I don’t deal with Istio daily but I observed it sucked up a vast number of hours. Mysterious cracks seem to lurk in its bowels but nobody has any idea precisely where because it’s such a complex beast. Beware.
“once it is working and deployed” is the caveat here. debugging issues with it at my last job was such a constant headache we nearly scrapped it for consul.
We tried Istio, but our Devops team (8 people) said they don't have the capacity to manage that complexity.
We're rolling with Linkerd ever since, still a joy
Contour is a gateway: a controller that manages Envoy proxies at the edge of a Kubernetes environment. Istio is a service mesh: a controller that manages Envoy proxies at the edge and alongside each workload. If you are using Istio, you probably don't need Contour.
A year ago, a number of Envoy gateway maintainers (including Contour) announced their intention to join up to build one implementation of an Envoy gateway. They haven't made a lot of noise since, but they are apparently up to v0.4.
Congrats on the graduation. My company has been using it for a long while through all its design iterations.
We still haven’t achieved an amazing distributed tracing strategy, we don’t use its MySQL or Redis interfaces, and haven’t rolled out more advanced features like smart retries. It’s hard to get momentum on that versus other must have work.
But for mTLS and authn and authz, it works great. Thanks for the hard work.
Reading between the lines, it sounds like the main problem is Google's tight control over the project. Apple contributes to the Swift implementation and MSFT drives the native .NET implementation, but there's little non-Google input in decision-making for Go, Java, C++ core, or any of the implementations that wrap core.
More subjectively, I'm impressed by the CNCF's willingness to stick to their stated graduation criteria. gRPC is widely used (even among other CNCF projects), and comes from the company that organized the CNCF - there must have been a lot of pressure to rubber-stamp the application.
100% this. GRPC has nearly all its code contributions by google. If google removed its funding the project would be at risk. It’s closer to a proprietary offering with source code available than a mature FOSS ecosystem. Think redhat enterprise Linux is to gRPC where-as istio/k8s is closer to Debian.

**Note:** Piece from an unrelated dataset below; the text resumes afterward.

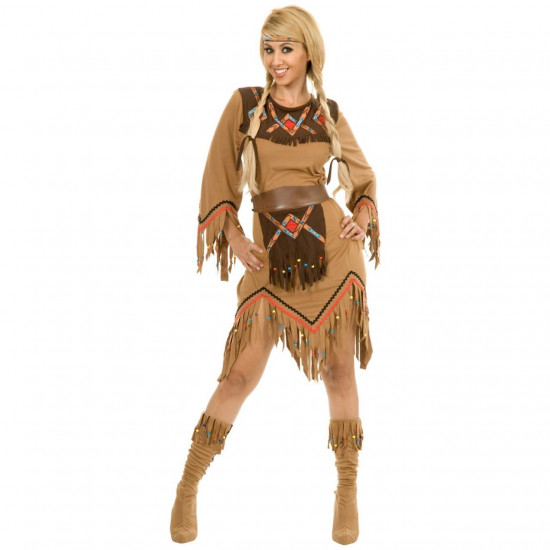 Fantasia India Adulto Luxo Fantasia India Adulto Luxo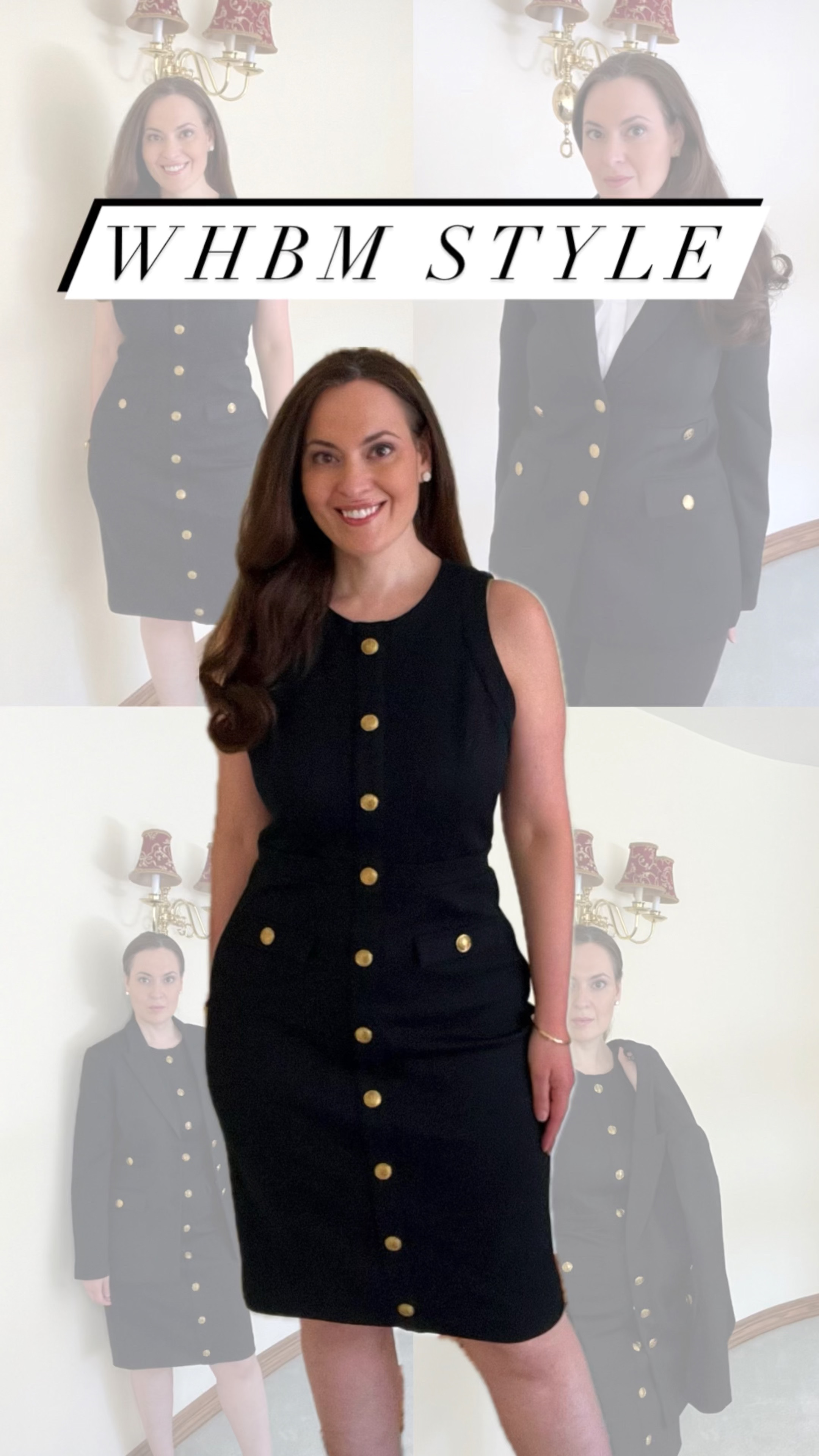Stylish and easy to wear dress - you can wear to work or out to dinner. The 3 button blazer looks amazing with the dress, and can also be worn with pants or jeans. Both run true to size  

#LTKsalealert #LTKover40 #LTKworkwear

You acknowledge contributions from several large companies. It's obvious it won't go away if Google pulls support or anything. Perhaps the fact that some random folks across the internet don't feel compelled to submit patches is simply due to the low level nature of the project and that it does the job quite well and its scope is limited by its nature, thereby limiting the need for customization by every individual. I really wonder what the standard is. If I recall correctly, for instance a certain proxy graduated by CNCF was such crap at one point that it linear searched routes. That naturally necessitates contributions if you actually use such software in production at scale.

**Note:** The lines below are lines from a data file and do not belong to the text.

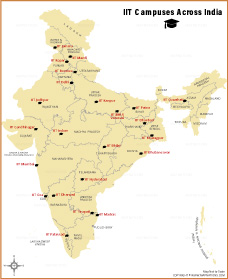 IIT Campus in India thumb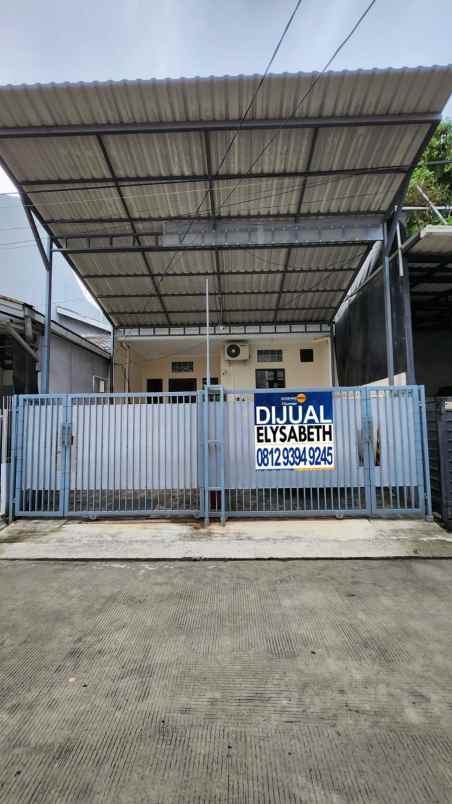 dijual rumah kelapa gading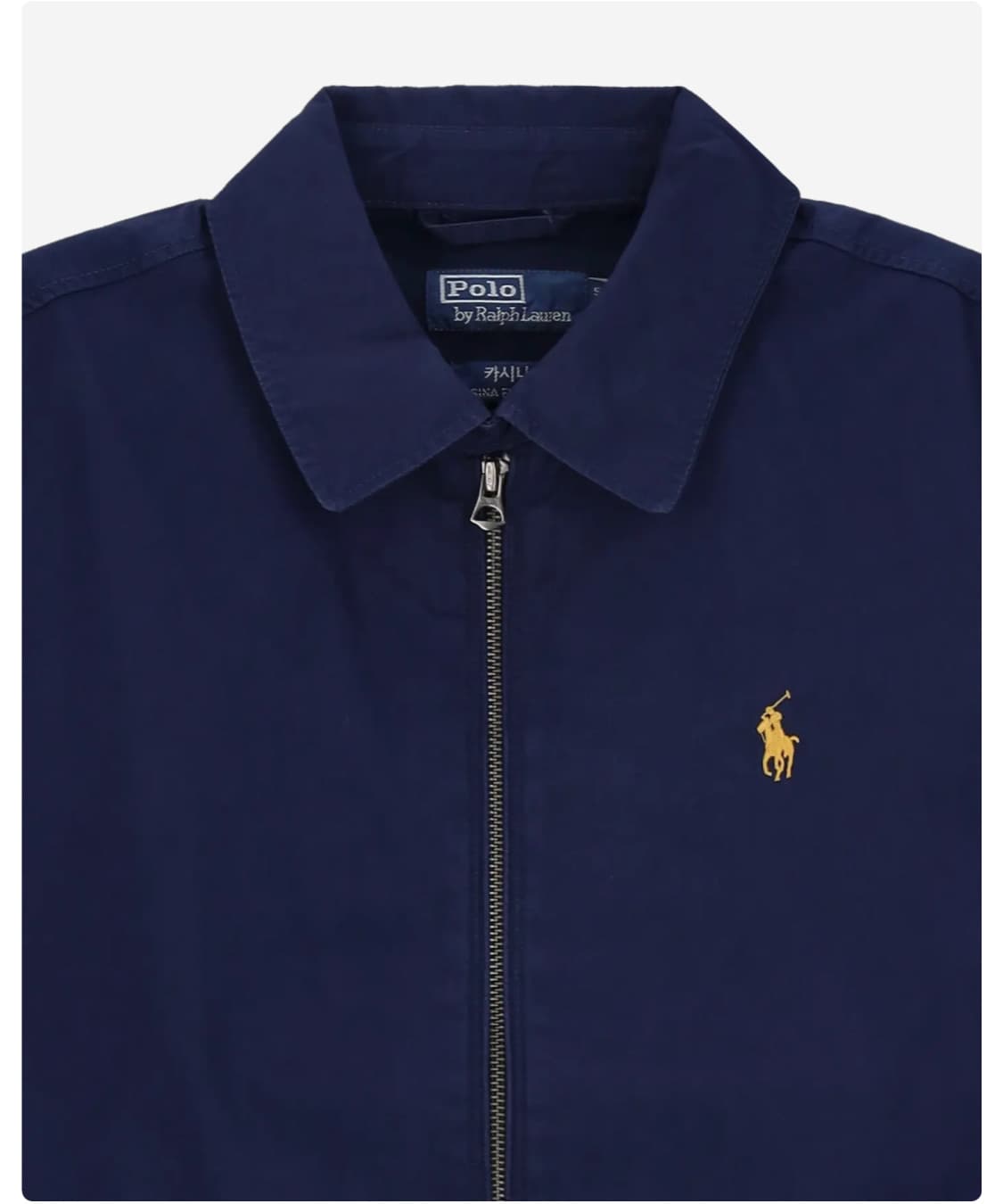 카시나X폴로 랄프 로렌 베이포트 윈드프레이커 상품이미지3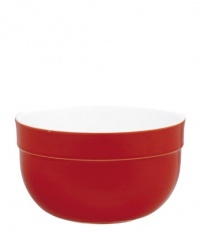 Emile Henry 3.3 Quart Mixing Bowl, Cerise Red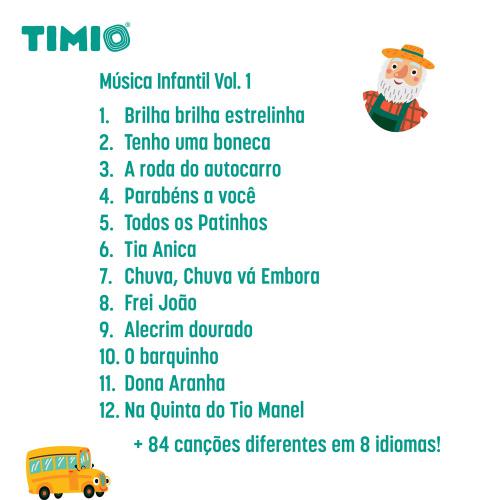 Set 1 Para Timio - 5 Discos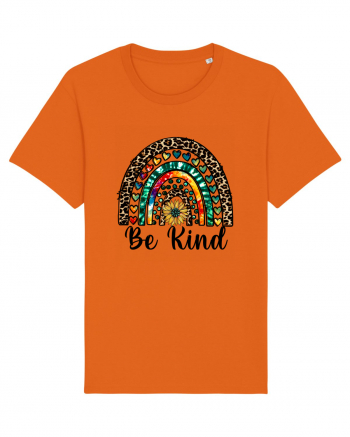 Be Kind  Bright Orange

Why is there a need to read between the lines? The post seems quite clear what is needed and it sounds like the ball is just in gRPC court. If anything it seems promising that there was movement after 3.5 years.
It’s really hard to have any influence on it unless you’re inside the Google fence. Even for the primary maintainers of those two external parties that you mentioned.

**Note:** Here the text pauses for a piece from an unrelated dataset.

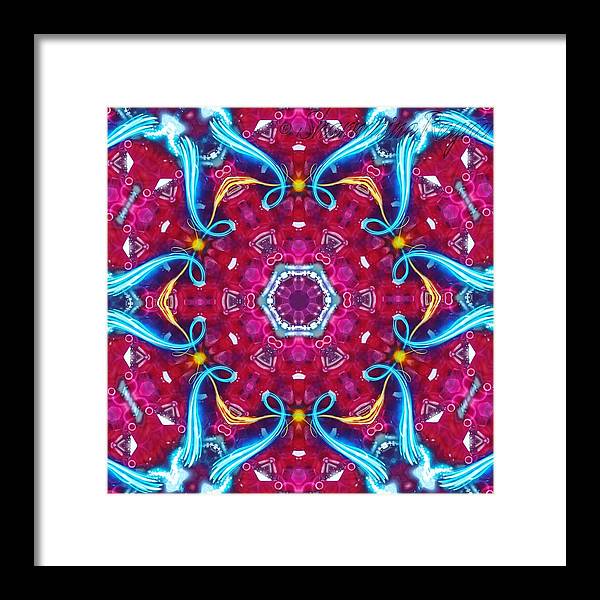 In The Zone - Framed Art Print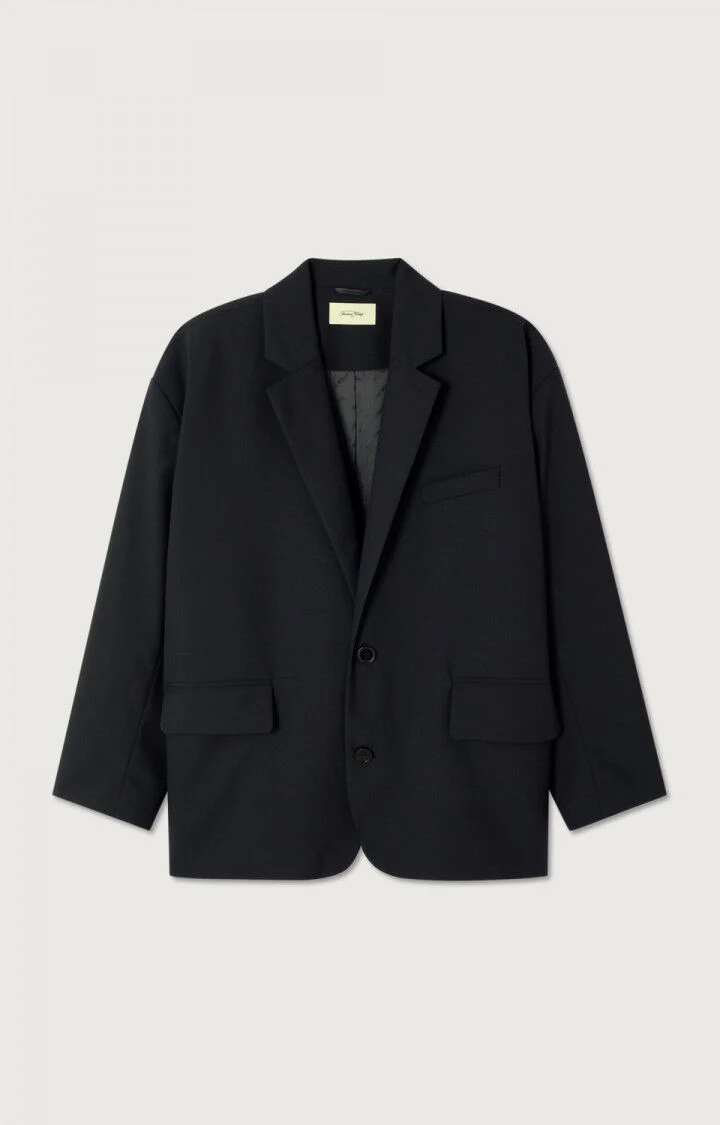 American vintage Blazer Mixte Ayany Navy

IMHO that's accurate for grpc. The project works great if you're all golang on backend. As soon as you use other languages it gets complicated and the story falls apart--you almost certainly have to pull in tooling to manage protobuf generation, and proxying your grpc backend code to web frontend code (easy if your backend is golang, but many more options and questions if not). The fact grpc (and protobufs in general) need so much extra tooling is a bit of a code smell of immaturity and incubation IMHO.
Yes you need additional tooling but often, such as in C++ it's the nature of the build environments for that language. There are many organizations using gRPC in mission critical environments along with C++.
It's maintained by James Newton-King, so it's in the hands of .NET royalty :)
Unlike the other gRPC implementations, it's also taken seriously by MSFT's entire developer division. MSFT contributed a bunch of performance improvements to the protobuf runtime and generated code for .NET, the Kestrel webserver team runs gRPC benchmarks, and support for gRPC-Web is baked right into the core frameworks. From a user perspective, it's clear that someone cares about how all the pieces fit together.
Even if I only briefly used it, I wish they had the same love for the COM tooling, after 30 years, Visual Studio still can't offer an IDL editing experience similar to editing proto files.
+1 for gRPC for .NET. Its quite nice _except_ on macos. I forget the exact issue but there's some extra friction to hosting https locally on macos that makes the dev flow a lot more cumbersome.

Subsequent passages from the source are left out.